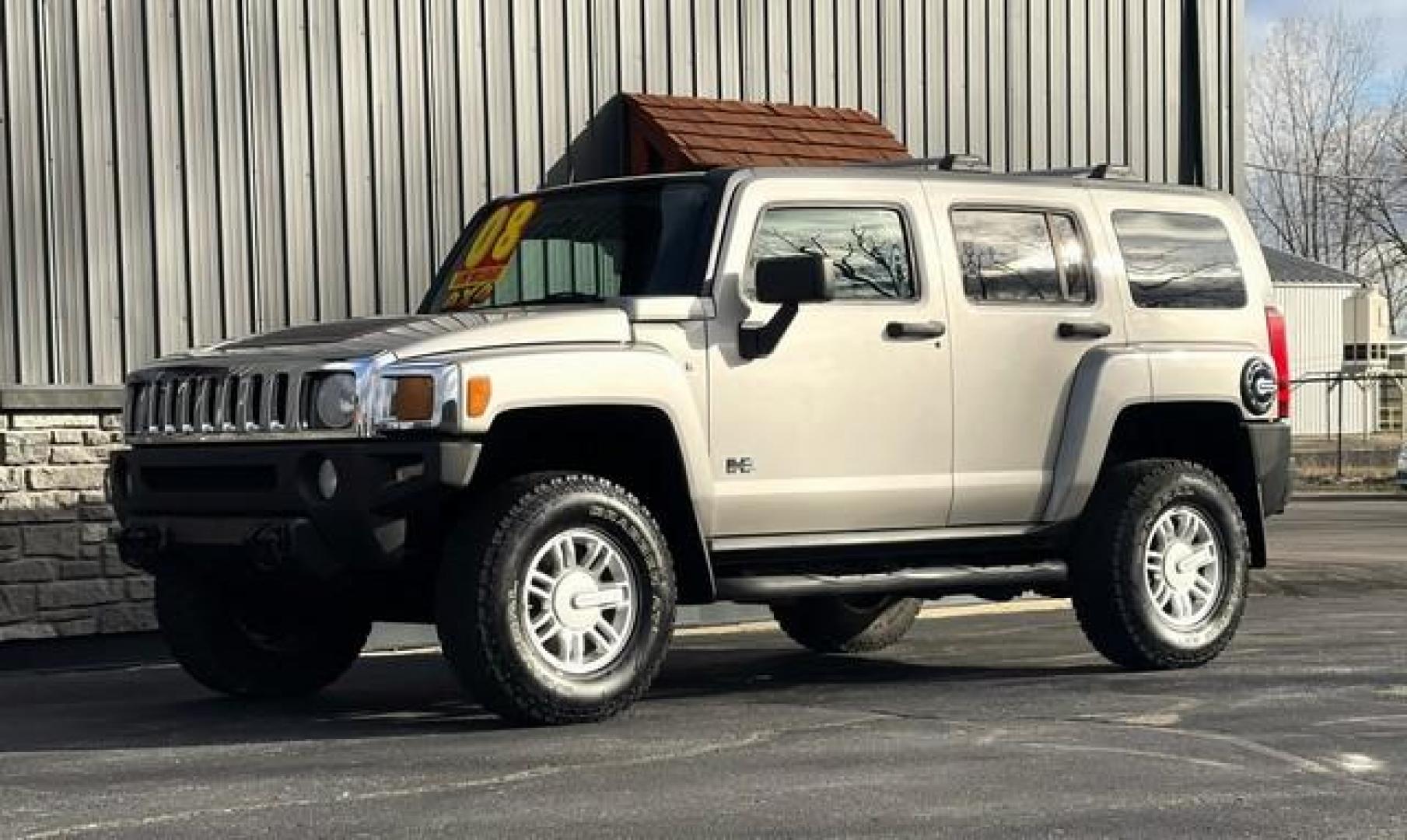 2008 PEWTER HUMMER H3 (5GTEN13E888) with an L5,3.7L(223 CID),DOHC engine, AUTOMATIC transmission, located at 14600 Frazho Road, Warren, MI, 48089, (586) 776-3400, 42.485996, -82.974220 - Photo#5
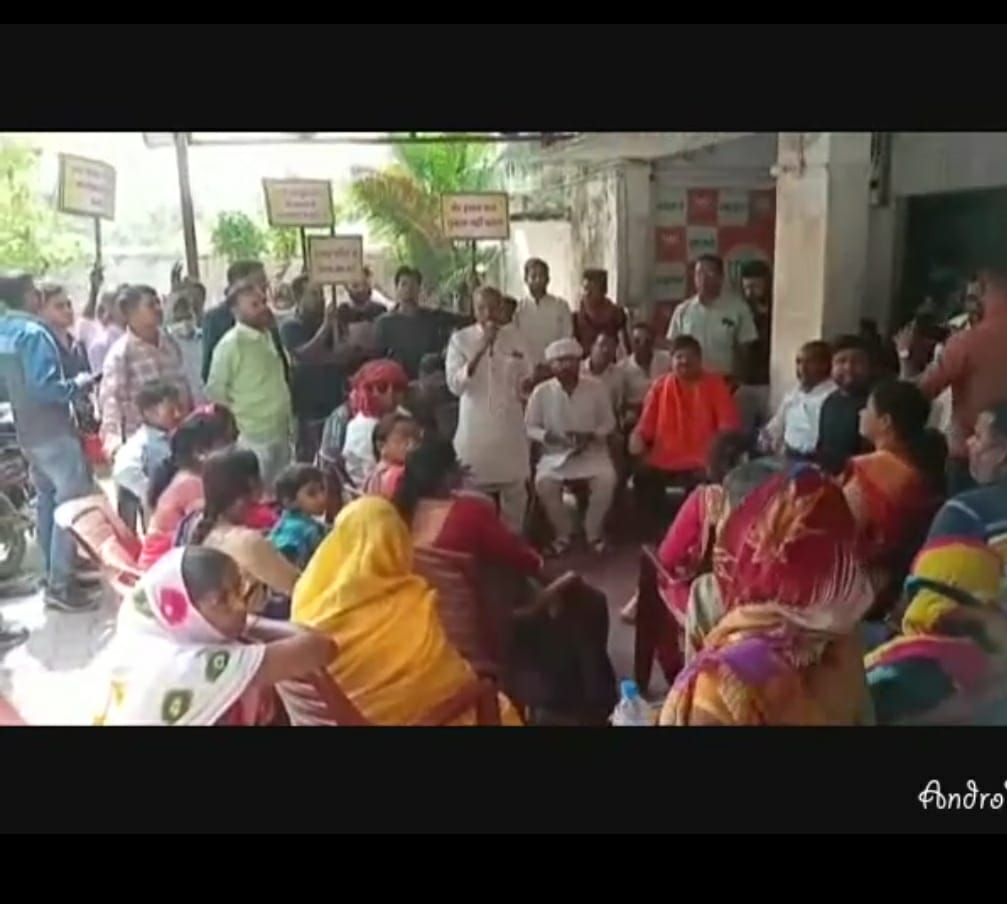 भाषा विवाद पर राज्य के लोगों को आपस में लड़ा रही सरकर : राज सिंहा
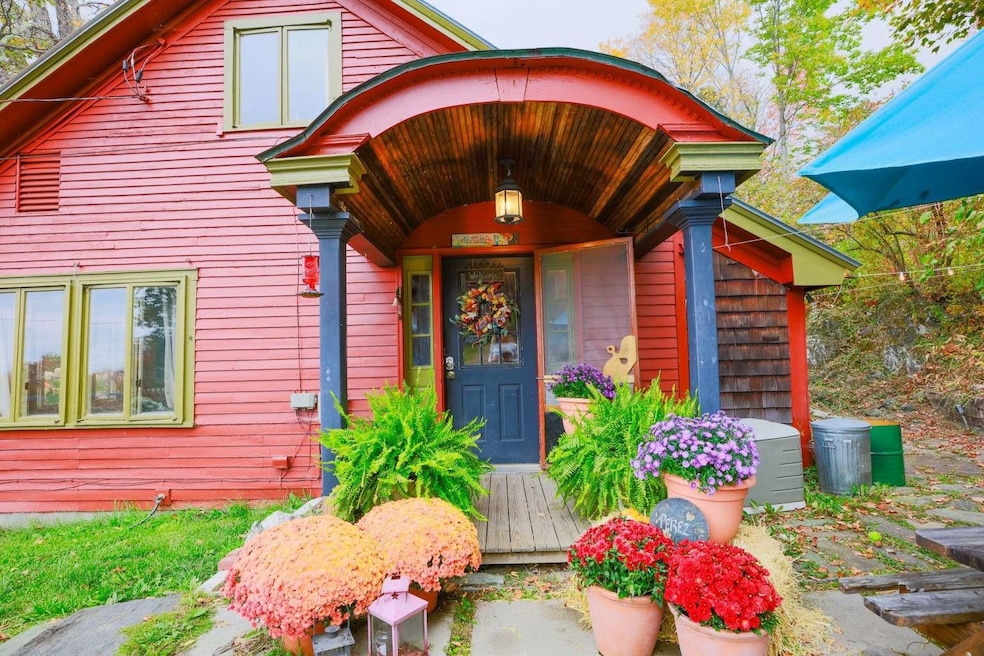 1312 MacIntosh Hill Rd, Randolph, VT 05060 - photo 1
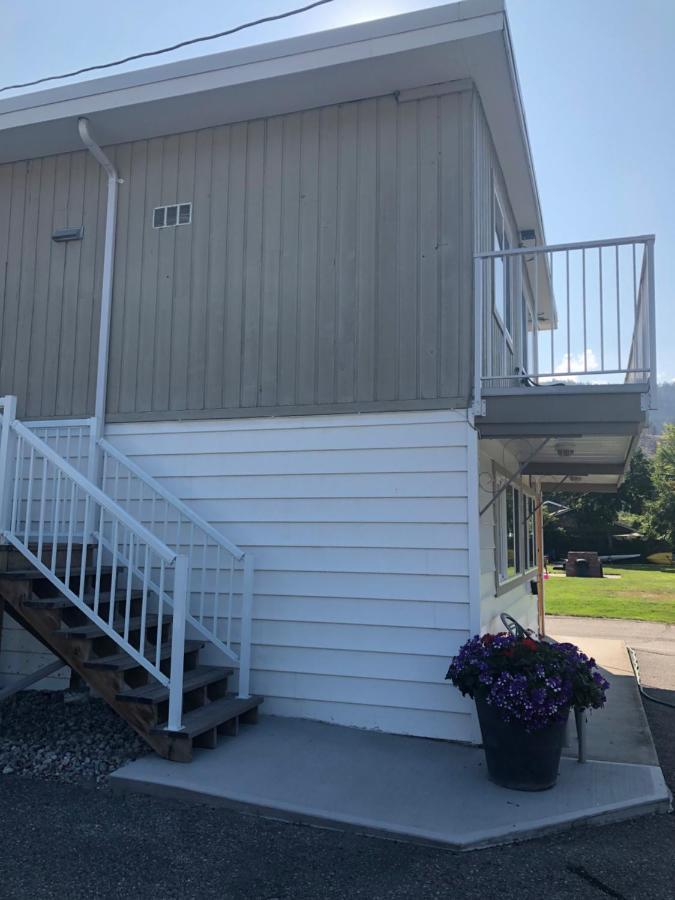 Holiday Beach Resort Motel Okanagan Falls Bagian luar foto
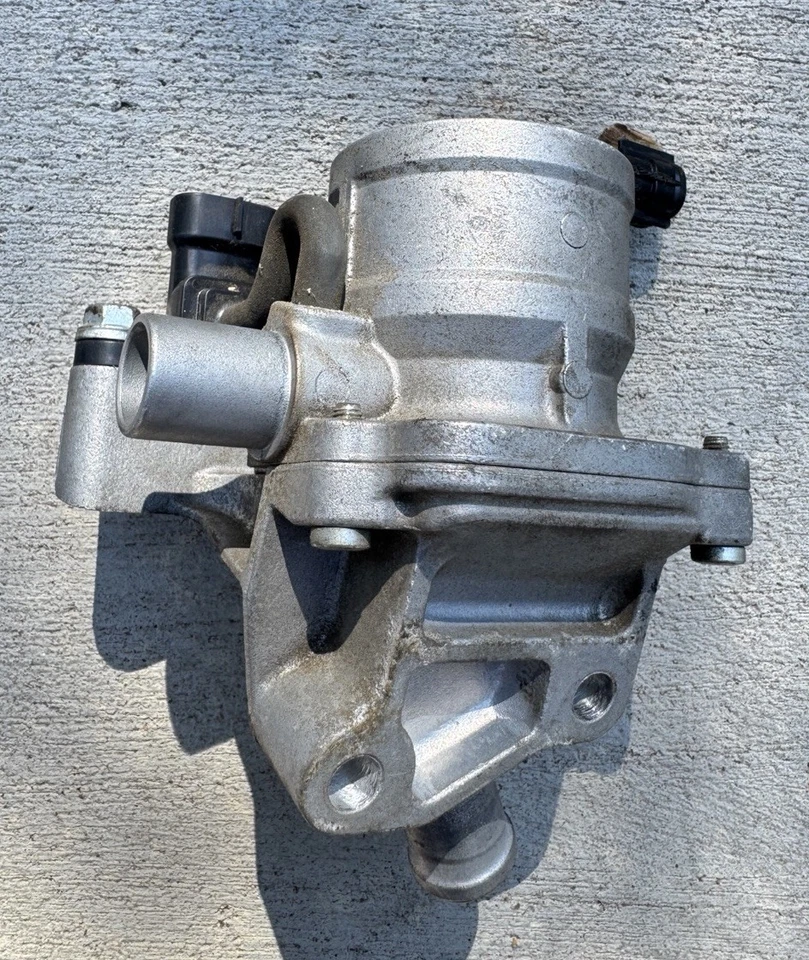 Bomba de inyección de aire secundaria Toyota Land Cruiser 2005-2007 4,7 L 25704-50010 OEM Foto 1 de 4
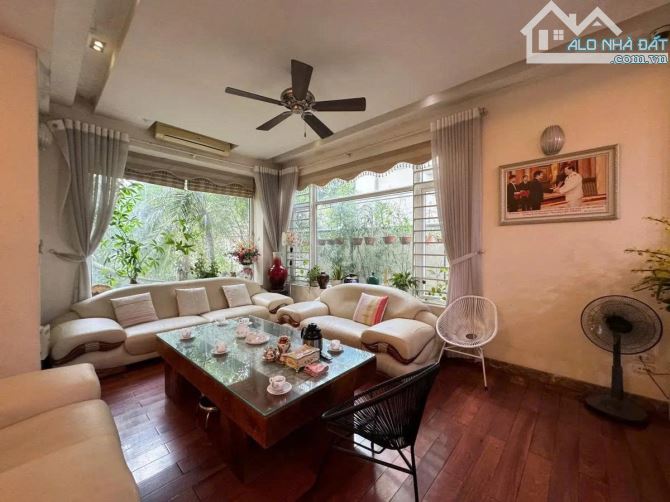 BÁN BIỆT THỰ ĐẲNG CẤP TẠI KĐT LINH ĐÀM – DT 275M² X 4 TẦNG – MẶT TIỀN 12.5M CHÀO: 64 TỶ - 4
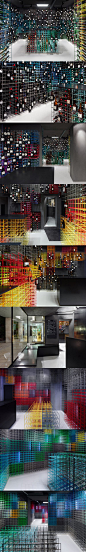 在德国的斯图加特，Weinhandlung Kreis 委托当地设计所 Furch Gestaltung Production 设计了他们的葡萄酒店铺。因为没有专门的存储区域，设计师要想办法在 70 平米的空间里放下 12000 瓶酒。他们通过制作了彩色的网格型货架解决了这一难题。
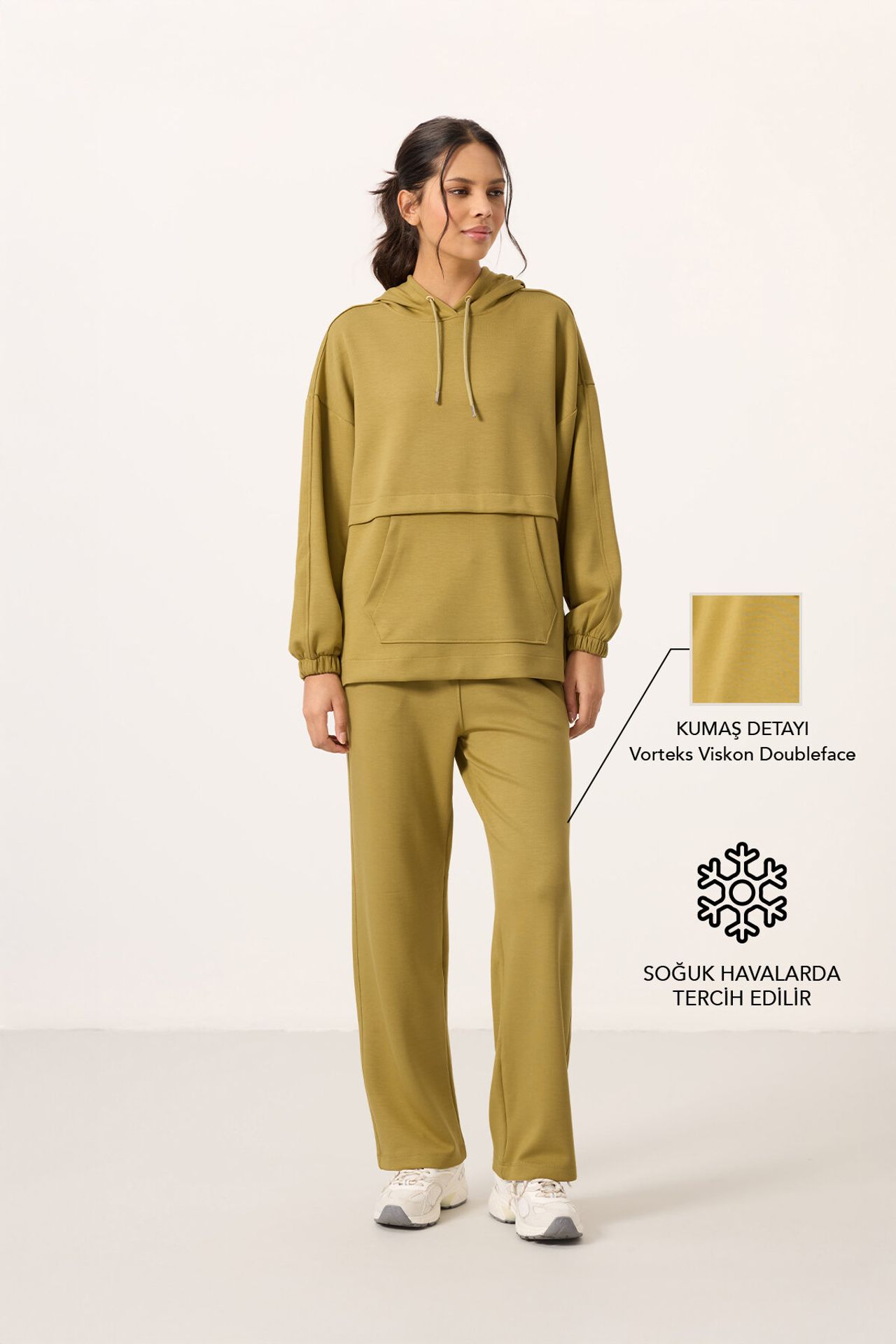 TOMMY Oversized Hooded Sweatshirt And Wide-Leg Pants Set 1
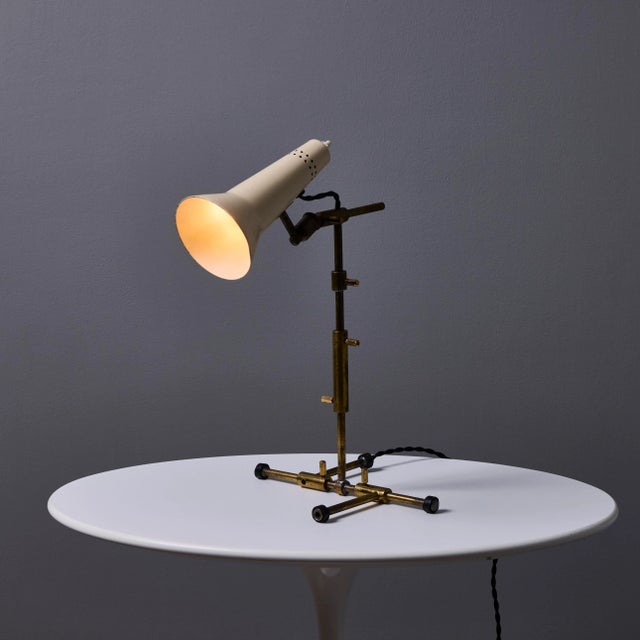 1950s 1950s Gino Sarfatti Sculptural Table Lamp for Arteluce For Sale - Image 5 of 12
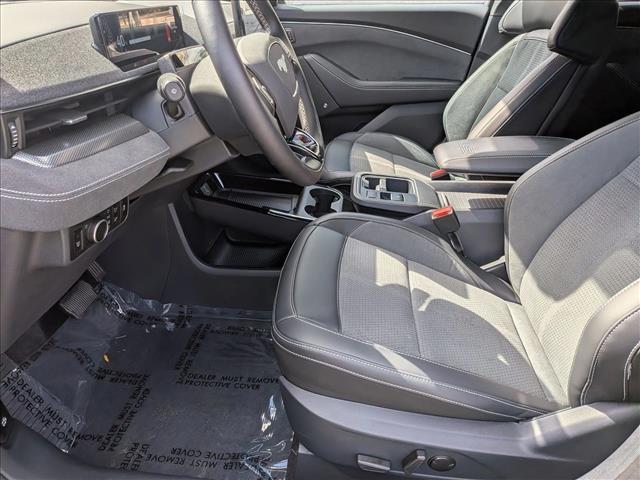 2025 Ford Mustang Mach-E GT photo 4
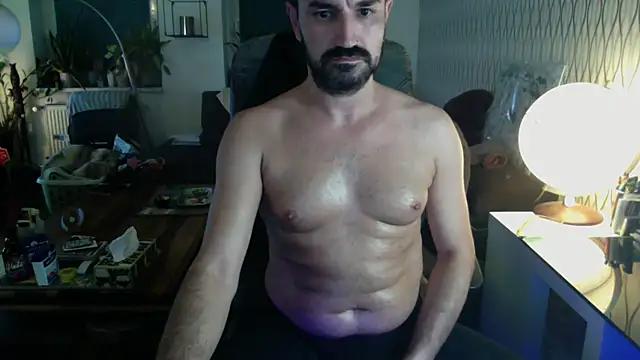 tomz0819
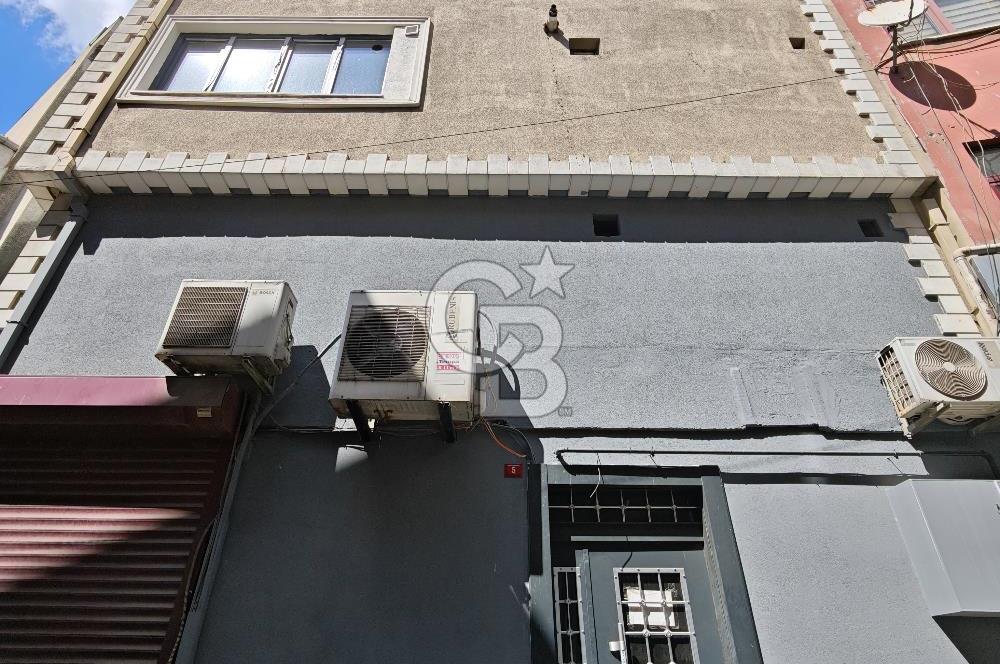 ŞİŞHANE'DE YENİLENMİŞ DENİZ MANZARALI SEÇENEKLİ 1+0 DAİRELER
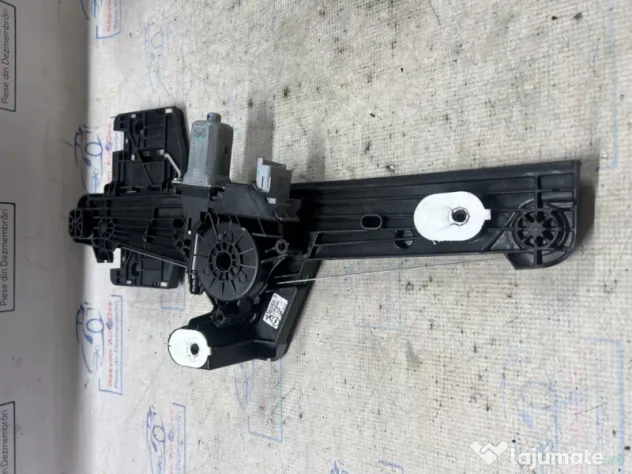 Macara geam dreapta spate Opel Corsa F 2019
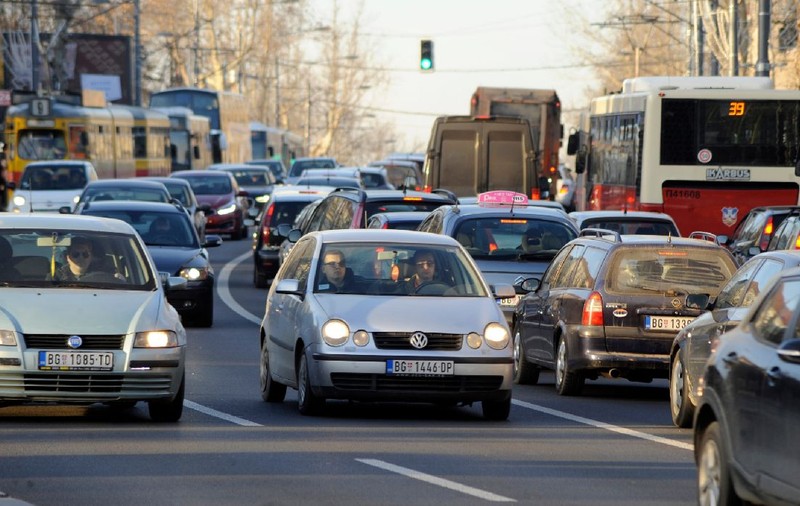 Sistemul „par-impar”, folosit de șoferii români în perioada comunistă, ar putea fi soluția pentru o mare capitală europeană sufocată de trafic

* * * * * * *

* Instructions for the task *
Please repeat every record exactly, leaving the pictures out.

* Solution to the problem *
 2008 PEWTER HUMMER H3 (5GTEN13E888) with an L5,3.7L(223 CID),DOHC engine, AUTOMATIC transmission, located at 14600 Frazho Road, Warren, MI, 48089, (586) 776-3400, 42.485996, -82.974220 - Photo#5
 भाषा विवाद पर राज्य के लोगों को आपस में लड़ा रही सरकर : राज सिंहा
 1312 MacIntosh Hill Rd, Randolph, VT 05060 - photo 1
 Holiday Beach Resort Motel Okanagan Falls Bagian luar foto
 Bomba de inyección de aire secundaria Toyota Land Cruiser 2005-2007 4,7 L 25704-50010 OEM Foto 1 de 4
 BÁN BIỆT THỰ ĐẲNG CẤP TẠI KĐT LINH ĐÀM – DT 275M² X 4 TẦNG – MẶT TIỀN 12.5M CHÀO: 64 TỶ - 4
 在德国的斯图加特，Weinhandlung Kreis 委托当地设计所 Furch Gestaltung Production 设计了他们的葡萄酒店铺。因为没有专门的存储区域，设计师要想办法在 70 平米的空间里放下 12000 瓶酒。他们通过制作了彩色的网格型货架解决了这一难题。
 TOMMY Oversized Hooded Sweatshirt And Wide-Leg Pants Set 1
 1950s 1950s Gino Sarfatti Sculptural Table Lamp for Arteluce For Sale - Image 5 of 12
 2025 Ford Mustang Mach-E GT photo 4
 tomz0819
 ŞİŞHANE'DE YENİLENMİŞ DENİZ MANZARALI SEÇENEKLİ 1+0 DAİRELER
 Macara geam dreapta spate Opel Corsa F 2019
 Sistemul „par-impar”, folosit de șoferii români în perioada comunistă, ar putea fi soluția pentru o mare capitală europeană sufocată de trafic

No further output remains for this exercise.